The numbers were awful:
- 533K lost in November (initial estimate)
- 403K lost in October revised from 240K
- 320K lost in September revised from 284K
- Total YoY loss of 1,870K
Time to nationalize the banks. There are too many holes to plug.
Update: Chart Pr0n!
Here are the raw numbers for population, civilian non-institutional population (adult non-convicts and non-military), labor force (everybody who wants to work according the BLS's questionable standards), employment (people who are working in some manner), manufacturing payroll, and government employees (federal, state, and local civilian workers). The numbers run from January 1952 to November 2008.

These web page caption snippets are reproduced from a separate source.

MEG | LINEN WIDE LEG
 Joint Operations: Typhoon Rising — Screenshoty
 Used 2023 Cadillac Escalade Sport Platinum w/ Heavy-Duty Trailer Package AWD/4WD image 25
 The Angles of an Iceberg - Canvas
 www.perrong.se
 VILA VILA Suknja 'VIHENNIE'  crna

The non-institutional population has gone up over the past half century due to the "Boomers" growing up...err, getting older. The labor force has expanded due to the "Boomers" and to women entering the workplace. Government employment has grown as well, but not as much as manufacturing has declined. The rest of the employed are part of the glorious "service economy", parts of which have been dedicated to impoverishing the nation for the past 10 years. The slim bit of yellow are people who have been liberated from their jobs.
Graphing the percentage changes of employment and workforce shows an interesting correlation between the two. The unemployment rate line shows that job recovery has become less rapid, perhaps due to the decline of large manufacturing plants, or to better inventory management. Note that the unemployment rate equivalent to the "U3" number from the BLS.
The correlation is much clearer when the timeframe is narrowed. I'm going to march boldly out onto a limb and state there is a causal relationship from job growth to workforce growth. The BLS gets accused of fudging the U3 number it publishes because the highly variable workforce number makes the U3 look better.